■ **What is expected**:
Beginning with the first entry, restate the data word for word and leave out the images.
=-=-=
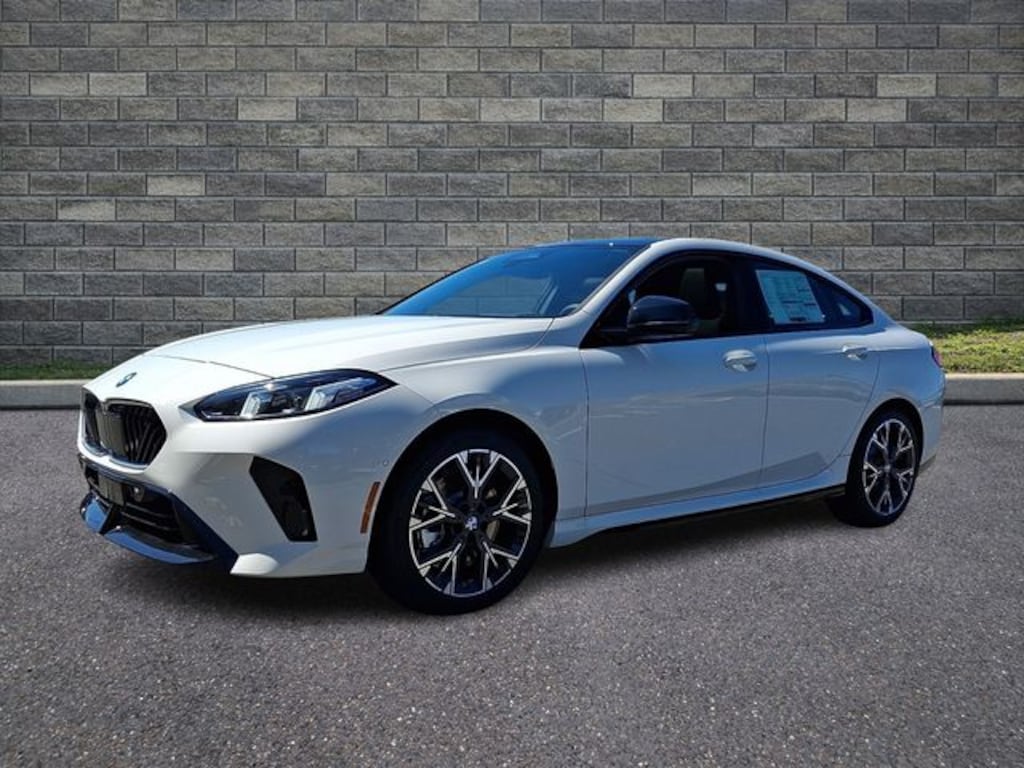 New 2026 BMW 2 Series 228 Gran Coupe Sedan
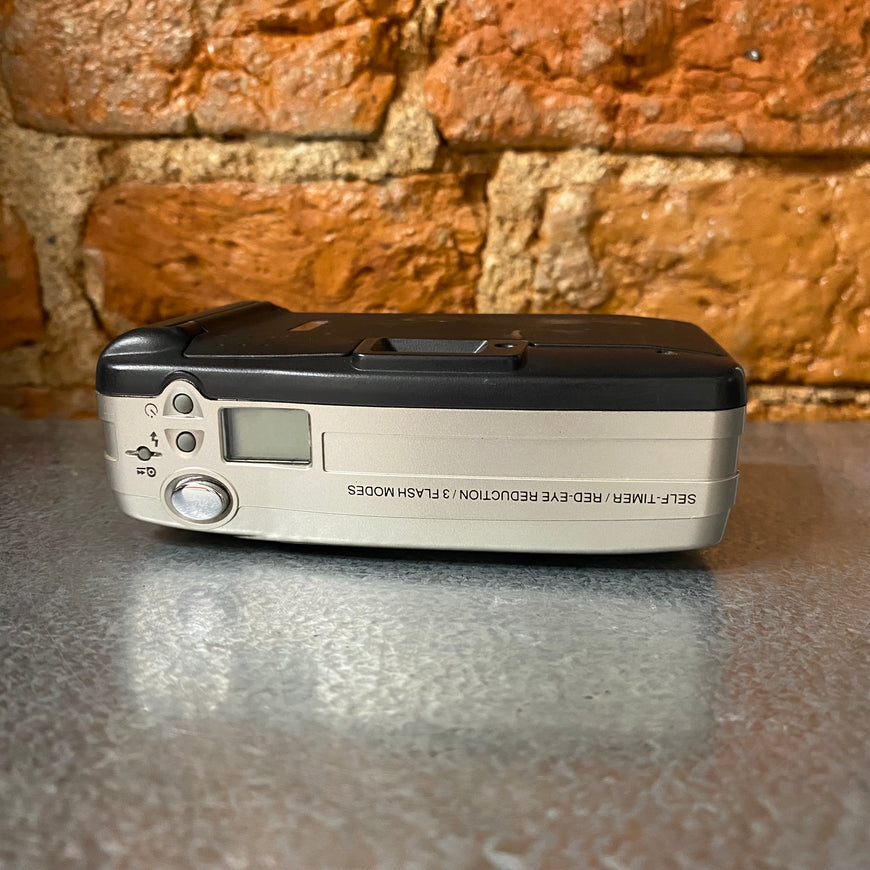 Minolta AF 50 Big Finder широкоугольный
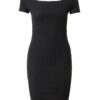 Urban Classics Ruha  fekete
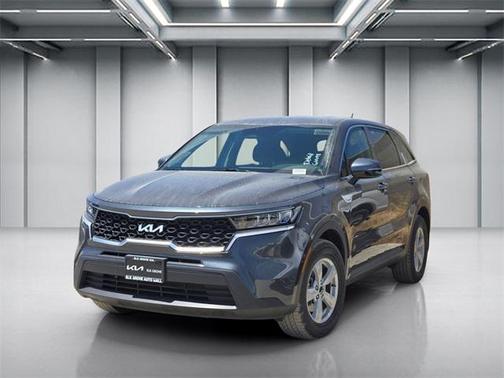 2022 Kia Sorento LX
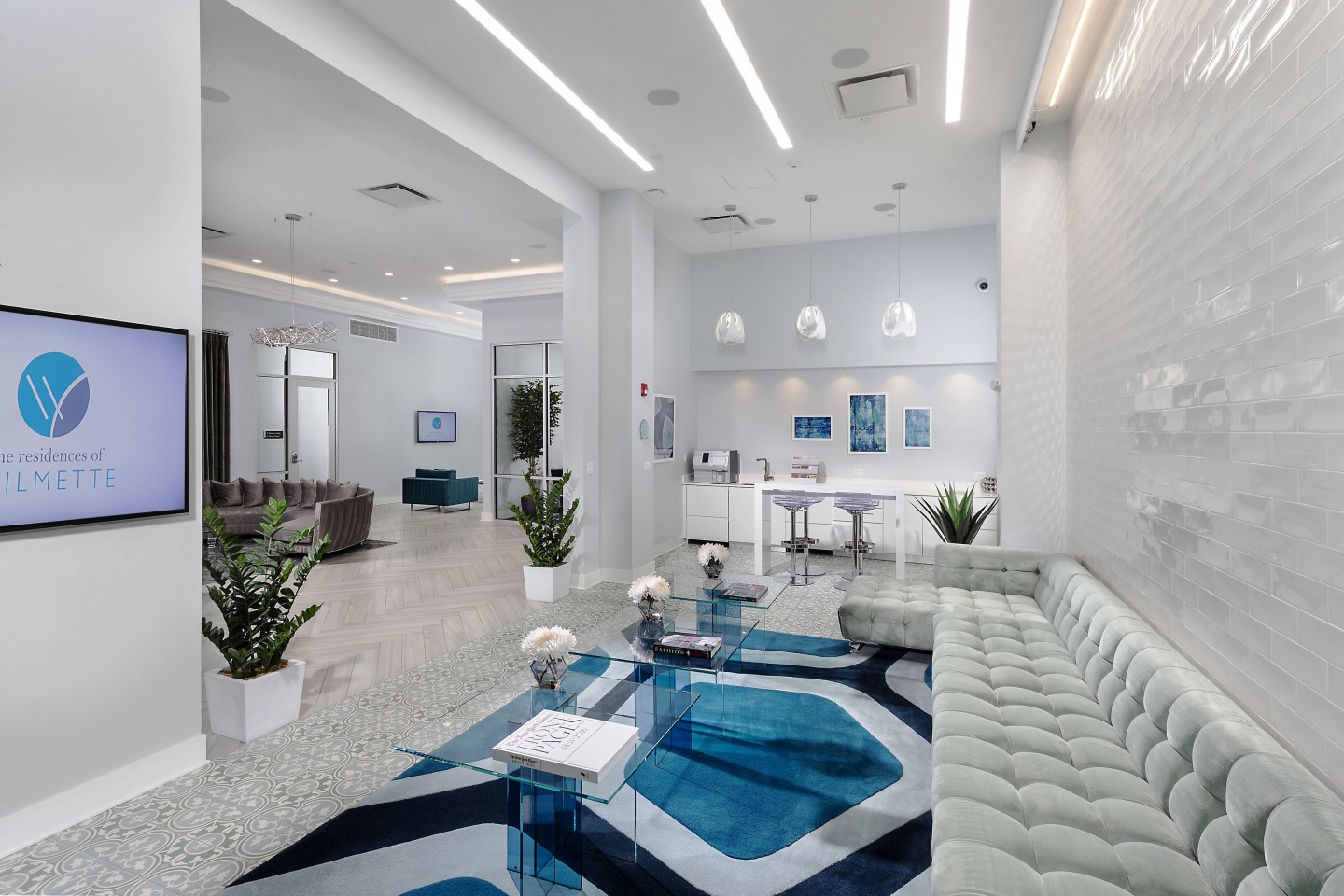 The Residences of Wilmette Image 29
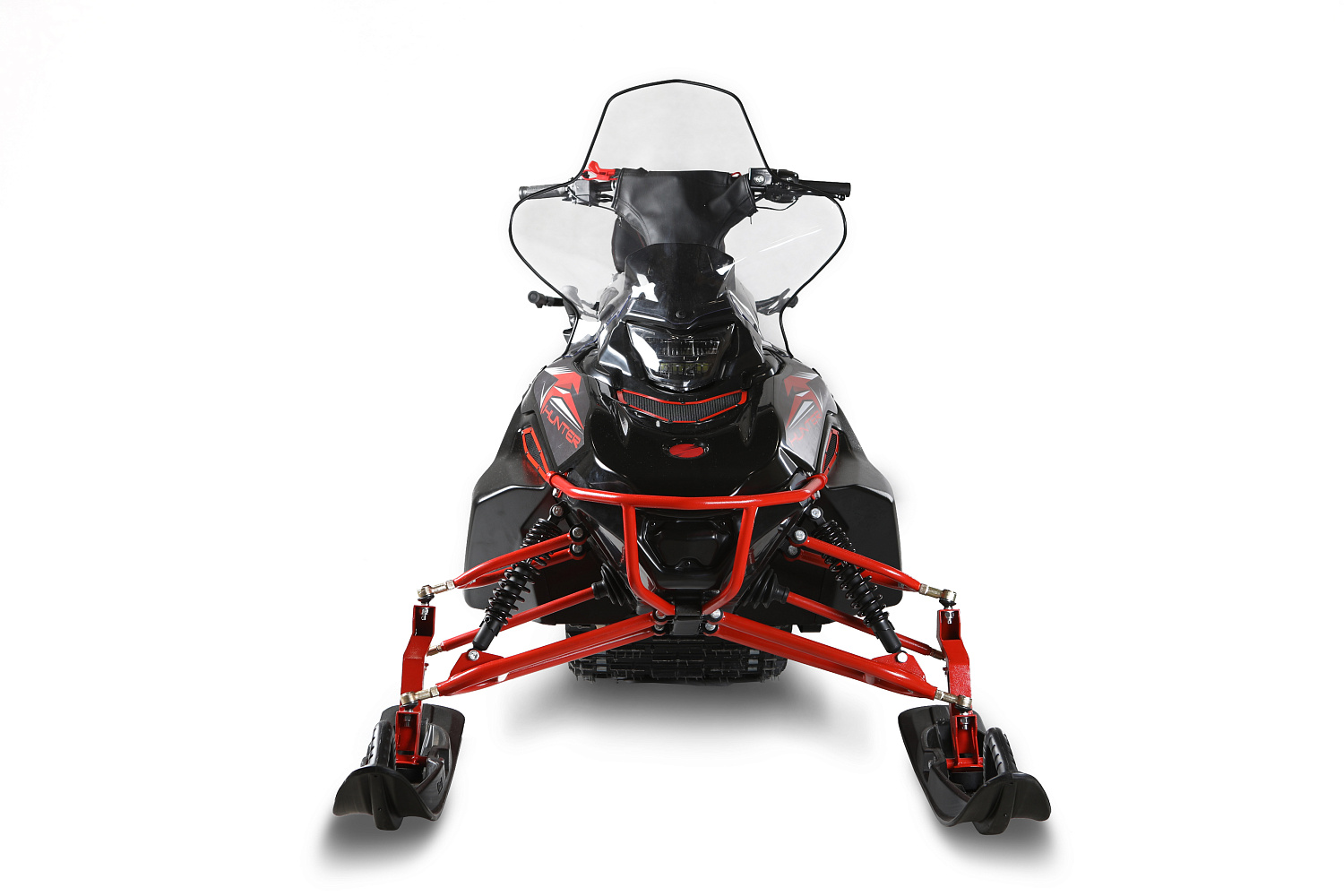 Снегоход IKUDZO HUNTER 700LK 25 V2 в Новокузнецке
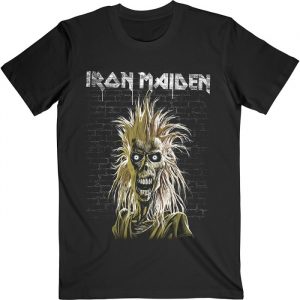 IRON MAIDEN - Eddie 40th Anniversary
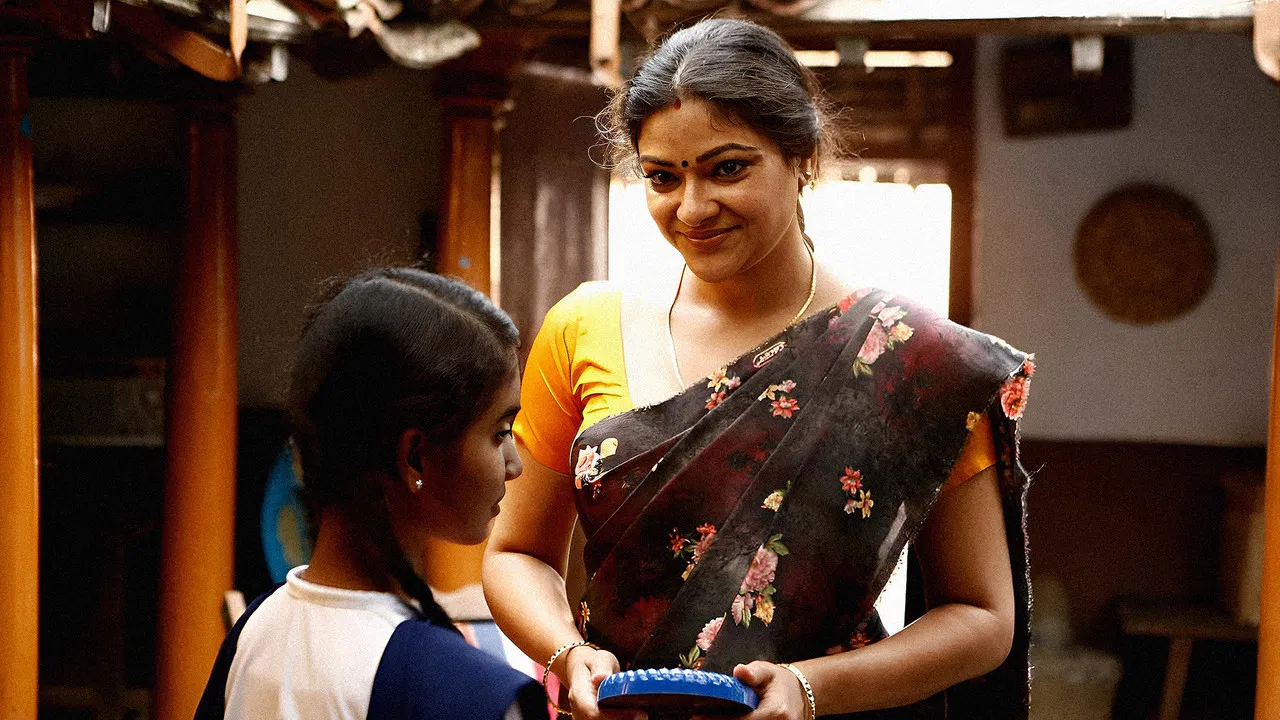 Baba Black Sheep backdrop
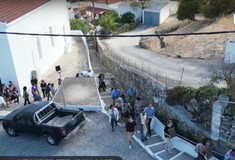 Λιτανείες σε Κυκλάδες και Άργος για τη λειψυδρία- Ζητούν να βρέξει
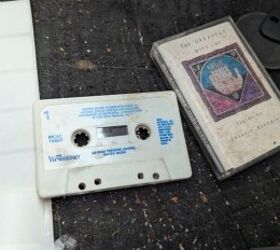 junkyard find 1986 bmw l7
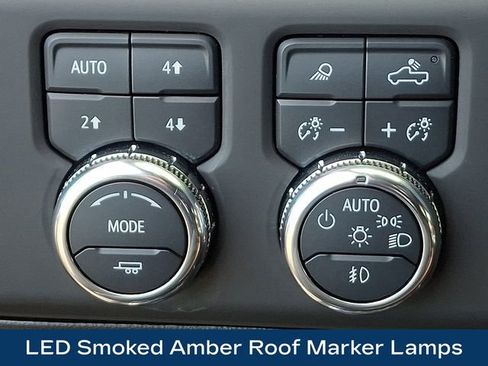 Used 2025 GMC Sierra 2500 Denali Ultimate image 28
=-=-=
■ **Written reply**:
 New 2026 BMW 2 Series 228 Gran Coupe Sedan
 Minolta AF 50 Big Finder широкоугольный
 Urban Classics Ruha  fekete
 2022 Kia Sorento LX
 The Residences of Wilmette Image 29
 Снегоход IKUDZO HUNTER 700LK 25 V2 в Новокузнецке
 IRON MAIDEN - Eddie 40th Anniversary
 Baba Black Sheep backdrop
 Λιτανείες σε Κυκλάδες και Άργος για τη λειψυδρία- Ζητούν να βρέξει
 junkyard find 1986 bmw l7
 Used 2025 GMC Sierra 2500 Denali Ultimate image 28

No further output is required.